Rather than asking for a tabular listing of the requested rows and columns (the default), the user can click the optional "Source Count Only" button to return a summary of the number of sources matching their constraints.
Spatial Constraints:
Specify the region of the sky over which records should be returned (the user is not, however, limited to these options; see user defined constraints below). There are three options:
-
Single Object Search:
- Cone Search: finds sources within a specified circular or elliptical area
- Box Search: finds sources within a specified rectangular area
- Polygon Search : finds sources in a defined polygon.
- Multi-object Search: returns positional matches between an input set of positions (in an upload table) and the positions recorded in the catalog. Matches within a user-defined search are reported. Only one search area is permitted for a single table. The format of the table MUST follow the rules given in the Upload Table help file.
- All-sky search: applies no spatial constraints (i.e., searches the entire sky unless the user enters spatial constraints in the "Additional Constraints" area). Be careful when attempting a query of the entire catalog -- such searches can often generate output files that exceed the 2 GB file size limit. The user will be warned that this has happened, and that the output file will not contain all matched records. First-time users who wish to perform such searches are advised to contact IRSA for advice on performing full catalog searches.
Column Selection
GATOR provides a listing of the columns in the catalog. The desired columns can be selected simply by checking the "Sel" column, third from the left. Users can also select predefined subsets of the columns, called 'Standard', 'Long Form', or 'User Form'. Ranges on any column can be specified in the 'Low Limit' and 'Upper Limit' boxes. These ranges typed in the boxes must include the '<' , '<=' , '>' , or '>=' operators.

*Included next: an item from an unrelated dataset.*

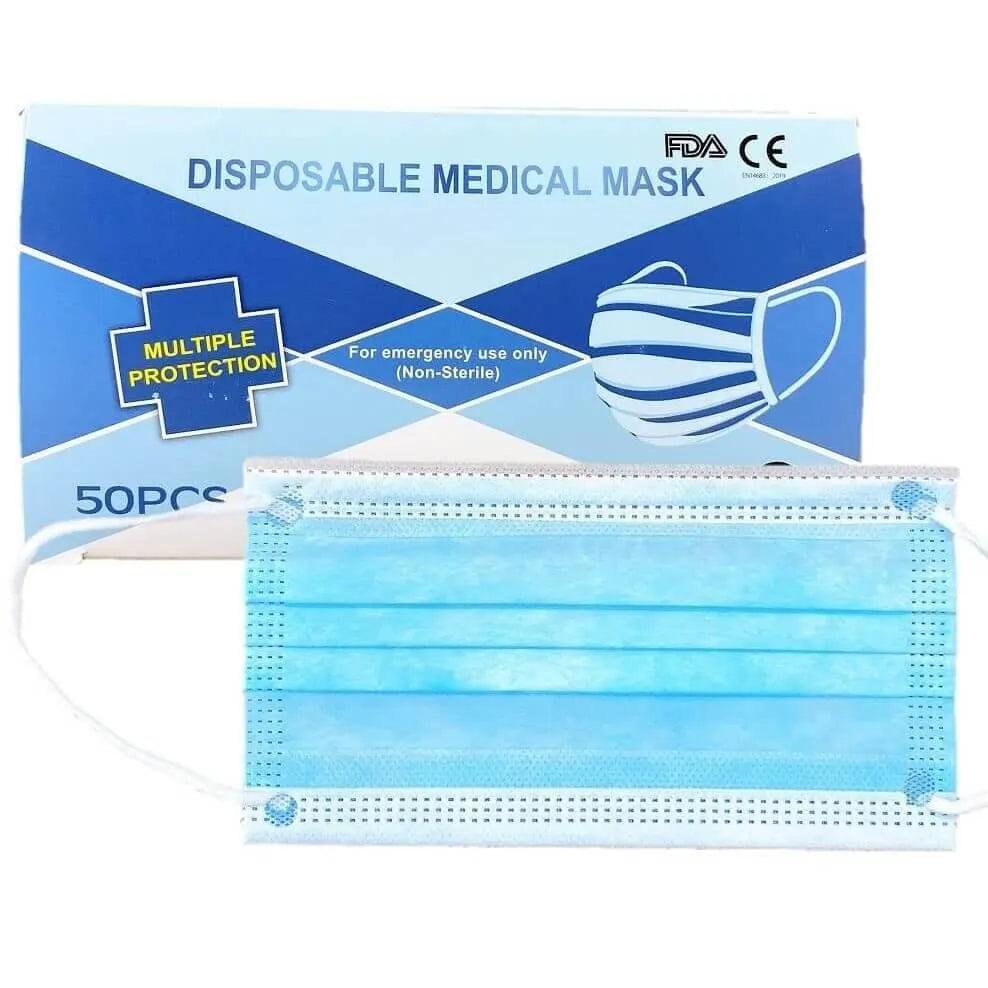 3 Boxes Disposable Medical Face Mask 3-Ply Earloop (50 Pieces) + 1 Box Free - Buy at New Green Nutrition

Some columns in the catalog are indexed for fast access, and are indicated as such under the Indx header. An index is a storage structure that allows rapid access to the rows of a table. The DBMS interprets the index much the same way as a reader interprets the index of a book. The index contains data values for a given column in ascending or descending order, and pointers to the rows where those values are found. The DBMS can then quickly find the value it is seeking, then uses the pointer to access the row containing that datum. Generally speaking, IRSA only indexes a few columns in each catalog. The issue of how many columns to index is actually a complex one. While indexing a column allows rapid access to its data values, indices also increase storage space and the complexity of managing the tables. Moreover, the query optimization algorithms used by the DBMS take many factors into account in assessing the best path to take, and a large number of indices can slow down a query while the optimizer decides which one to use.
The rows in a relational database have no particular order. If the same query is run twice, the returned rows are not guaranteed to be in the same order. GATOR therefore provides an 'Order By' field; it sorts the data in ascending order based on the values of the data in the column name entered.
User-defined Constraints
This is one of the most powerful features of GATOR, for it permits custom requests that avoid the need to perform post-processing filtering of large data sets that are downloaded to a desktop. Constraints are entered in SQL-format, but users need not have detailed knowledge of SQL to enter their constraints. The examples given below show how queries can be built intuitively; these examples are given for each of the five types of search constraints that are supported; more details are provided in the user defined constraints help file:
-
Comparisons: compares the values of one expression
to another. The great majority of queries will be of this
type, which use simple mathematical operators.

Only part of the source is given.